(ASSIGNMENT)
Nothing but an exact repeat of the data, with pictures removed, belongs in the answer.

(DATA EXTRACT)
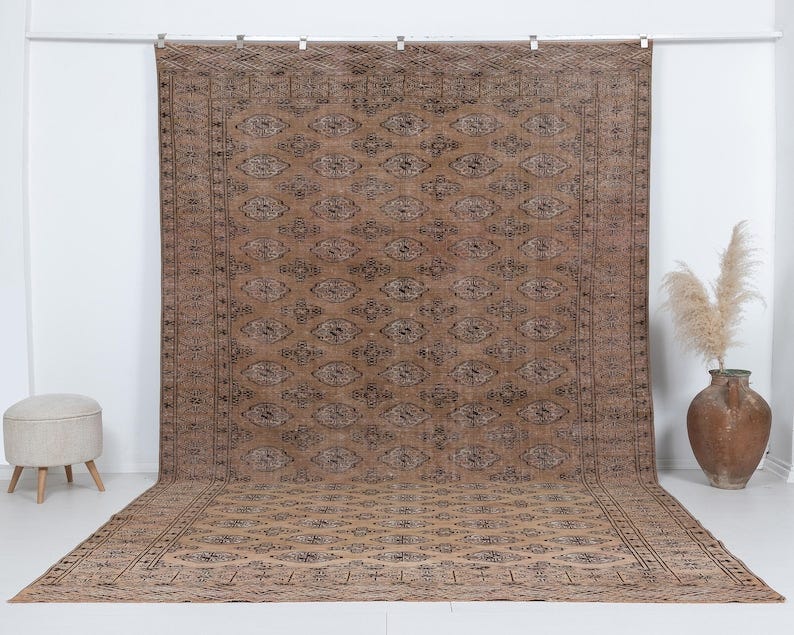 May include: A brown and black patterned rug with a geometric design. The rug has a fringe border and is hanging on a white wall.
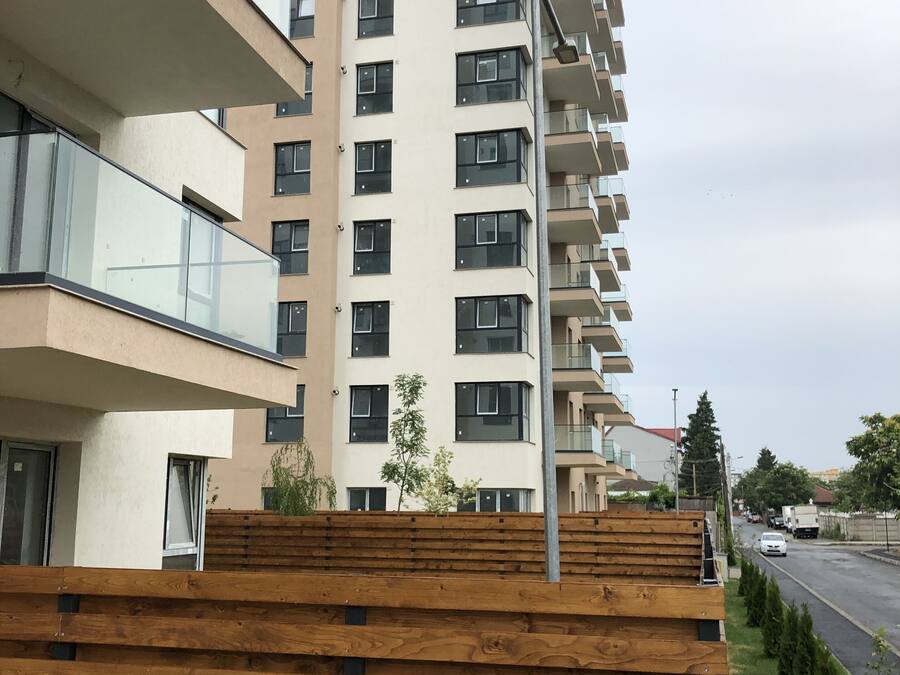 A multi-story residential building with balconies, a street view, and a wooden fence.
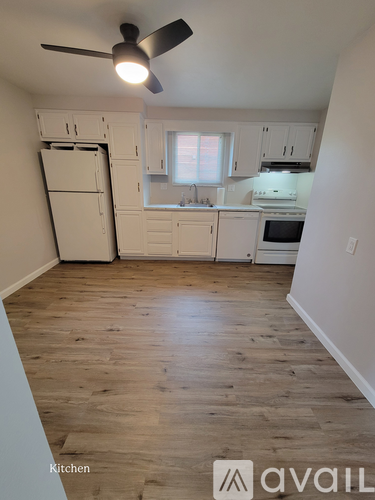 A kitchen with wooden floors and white appliances.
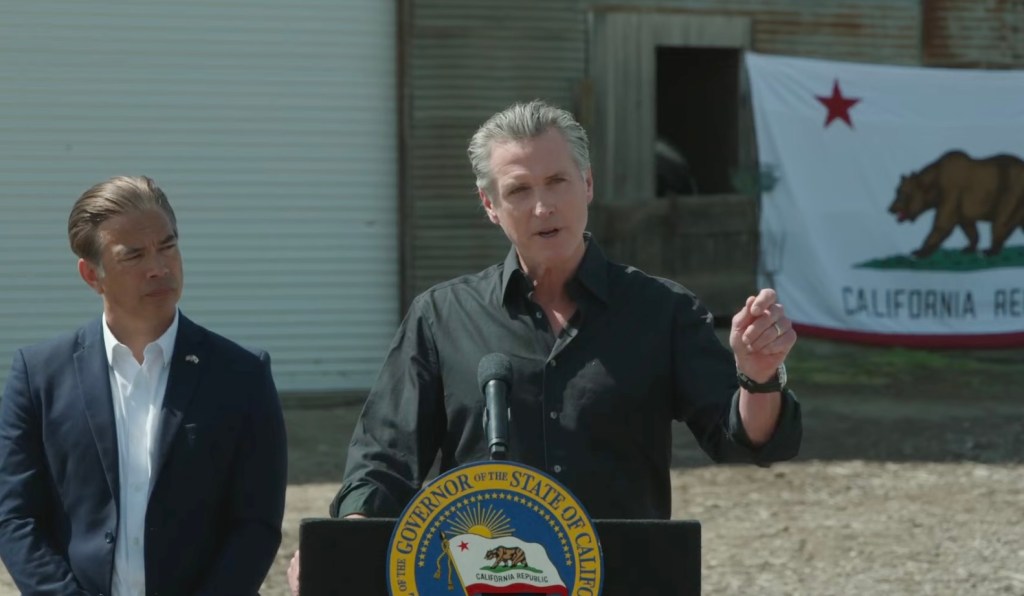 Newsom Blasts”Poisonous Uncertainty” As California Sues Trump Over Tariffs Newsom Blasts”Poisonous Uncertainty” As California Sues Trump Over Tariffs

(EXERCISE RESULT)
 May include: A brown and black patterned rug with a geometric design. The rug has a fringe border and is hanging on a white wall.
 A multi-story residential building with balconies, a street view, and a wooden fence.
 A kitchen with wooden floors and white appliances.
 Newsom Blasts”Poisonous Uncertainty” As California Sues Trump Over Tariffs Newsom Blasts”Poisonous Uncertainty” As California Sues Trump Over Tariffs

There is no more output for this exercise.